João Donato coleciona fãs desde os anos 1950, quando foi um dos definidores da bossa nova. Tornou-se a seguir uma espécie de papa do samba ligado ao jazz e aos ritmos centro-americanos, condição que ostenta até hoje, aos 82 anos e em plena atividade – como pôde constatar no sábado passado o público do Rock in Rio no show em tributo a ele. Mas esses fãs estão levando um susto ao ouvir o álbum Sintetizamor, feito com seu filho Donatinho, 50 anos mais moço. Já na primeira faixa, De Toda Maneira, abre-se um eletropop dançante movido a sintetizadores, teclados analógicos e programação eletrônica, com os dois cantando juntos. E o embalo segue nesse rumo. Donato ficou feliz com o resultado e orgulhoso de estar ao lado do filho, que começou a carreira como DJ no início dos anos 2000 e é requisitado produtor musical no Rio.

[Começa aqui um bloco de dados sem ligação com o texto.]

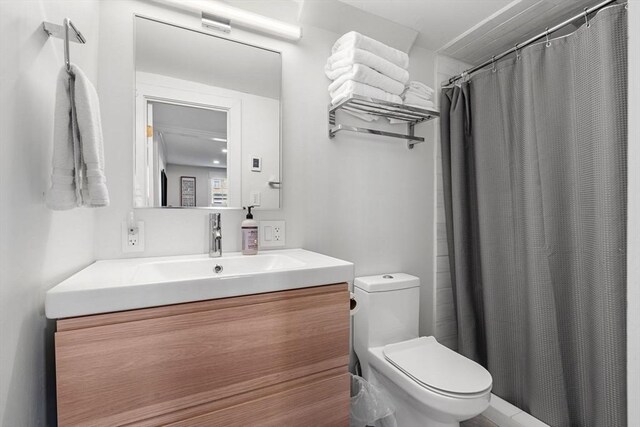 bathroom with a shower with curtain, vanity, and toilet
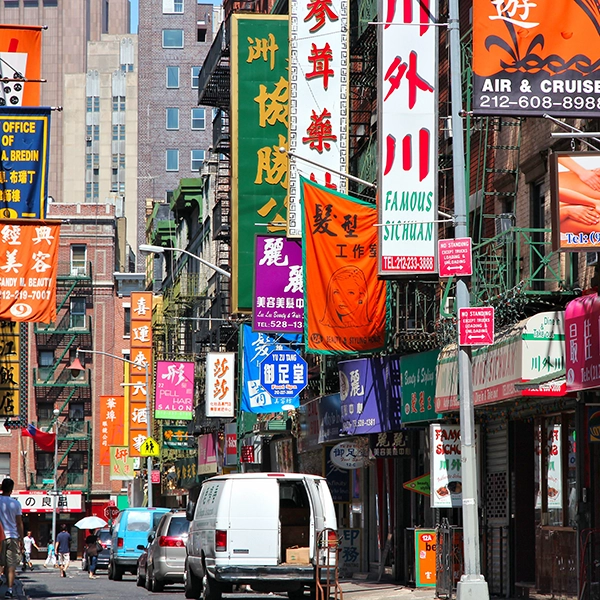 Vibrant street scene in Chinatown, New York, with busy shops, colorful signs, and pedestrians enjoying the lively atmosphere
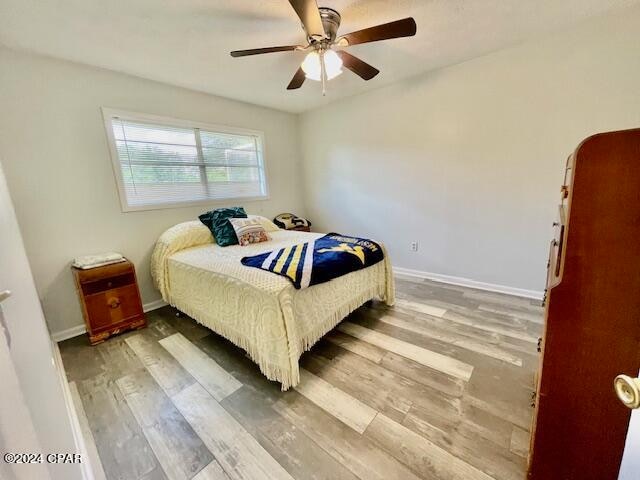 bedroom featuring wood-type flooring and ceiling fan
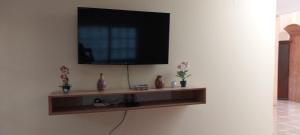 TV de pantalla plana en una pared con estantería en Las buganvilias en Pachacamac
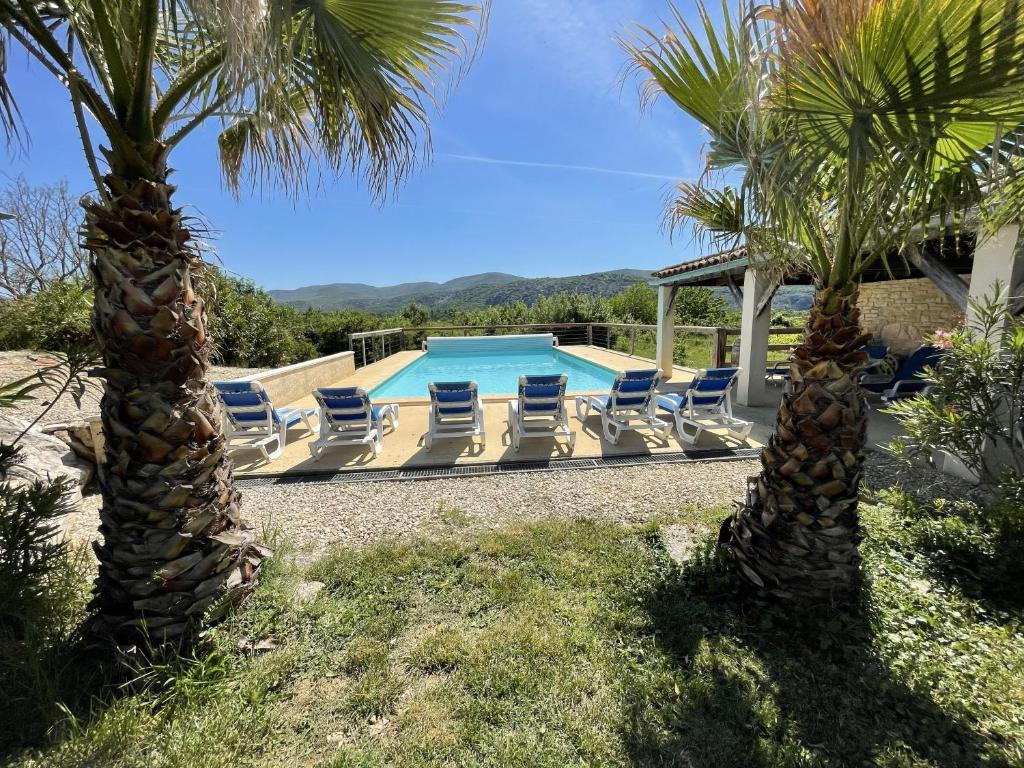 a pool with chaise lounge chairs and palm trees at Villa Vallon Pont d'Arc in Vallon-Pont-dʼArc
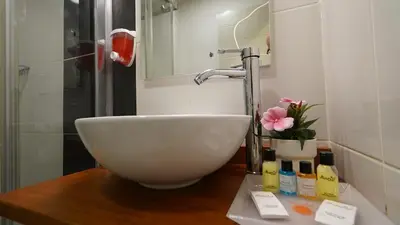 a bathroom with a white bowl sink on a counter at The Marist Hotel Kadikoy in Istanbul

"Dividir os microfones com ele é algo que eu sempre quis fazer", disse Donatinho em uma das tantas entrevistas que tem dado. No encarte, ele registra que a ideia era fundir os dois universos musicais. Donato deve ter se divertido ao entrar em contato com a coleção de instrumentos analógicos do guri e toca sintetizadores em todos os arranjos (em alguns também piano Rhodes). Tanto, que se ajusta mais ao espaço do filho do que o contrário. Falando em espaço, desde as ilustrações da capa, criadas pelo americano Allan Jefferson (da Marvel Comics), em que eles pilotam uma nave, o clima é de um futurismo meio retrô. Donatinho sempre foi ligado nas sonoridades dançantes dos anos 1970 e 80, aqui e ali você encontra vestígios do jeito Motown de levar a vida, beats do velho funk, marcações da disco music.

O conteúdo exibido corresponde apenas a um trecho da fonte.